Provided entries:
• • • • •
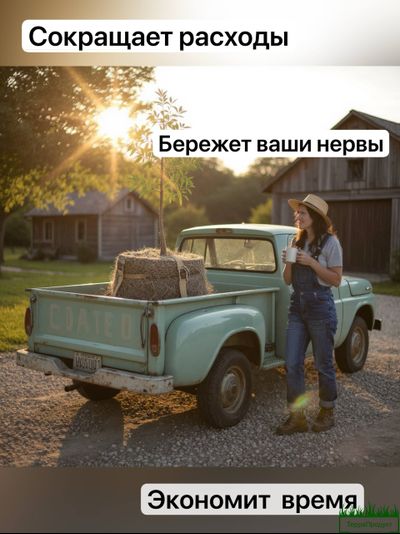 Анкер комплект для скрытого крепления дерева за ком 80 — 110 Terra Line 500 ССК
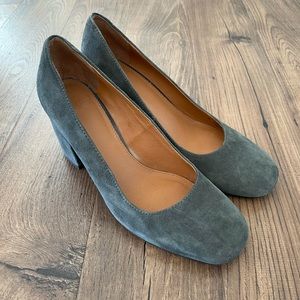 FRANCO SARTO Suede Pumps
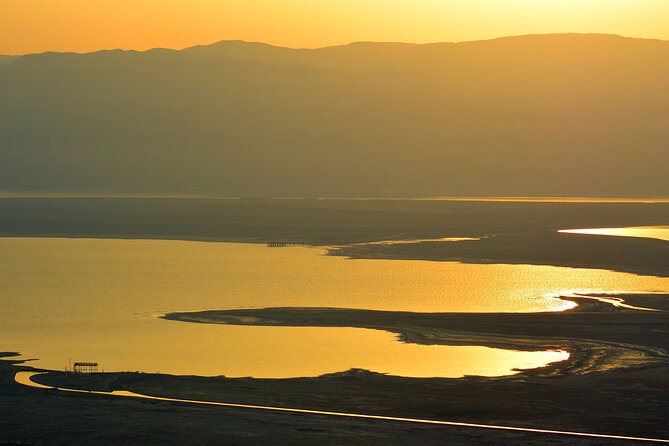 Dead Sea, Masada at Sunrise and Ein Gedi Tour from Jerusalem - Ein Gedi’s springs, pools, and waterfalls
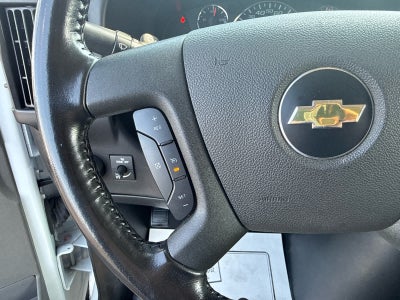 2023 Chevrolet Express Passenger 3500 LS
• • • • •
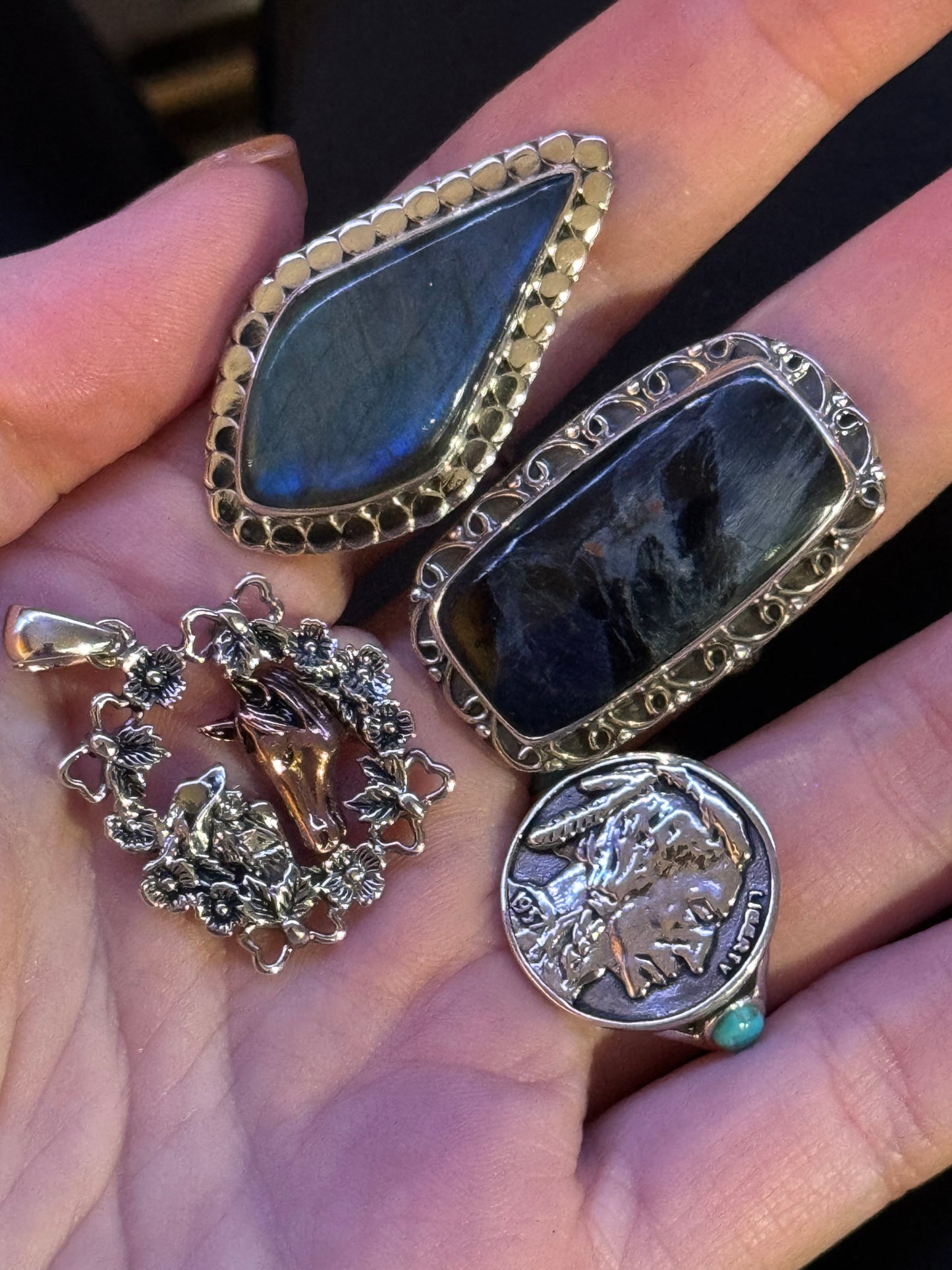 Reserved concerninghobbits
• • • • •
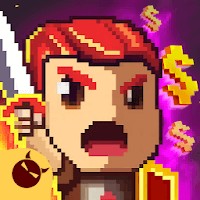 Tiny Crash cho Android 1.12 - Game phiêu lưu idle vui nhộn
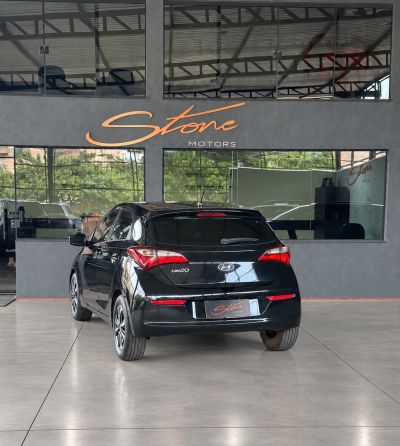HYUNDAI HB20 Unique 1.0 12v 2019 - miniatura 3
• • • • •
Using the entries above, reproduce word for word only the lines from the one that contains "Анкер комплект для" to the one that contains "2023 Chevrolet Express Passenger 3500 LS", both ends included, and drop every picture.

Answer below:
 Анкер комплект для скрытого крепления дерева за ком 80 — 110 Terra Line 500 ССК
 FRANCO SARTO Suede Pumps
 Dead Sea, Masada at Sunrise and Ein Gedi Tour from Jerusalem - Ein Gedi’s springs, pools, and waterfalls
 2023 Chevrolet Express Passenger 3500 LS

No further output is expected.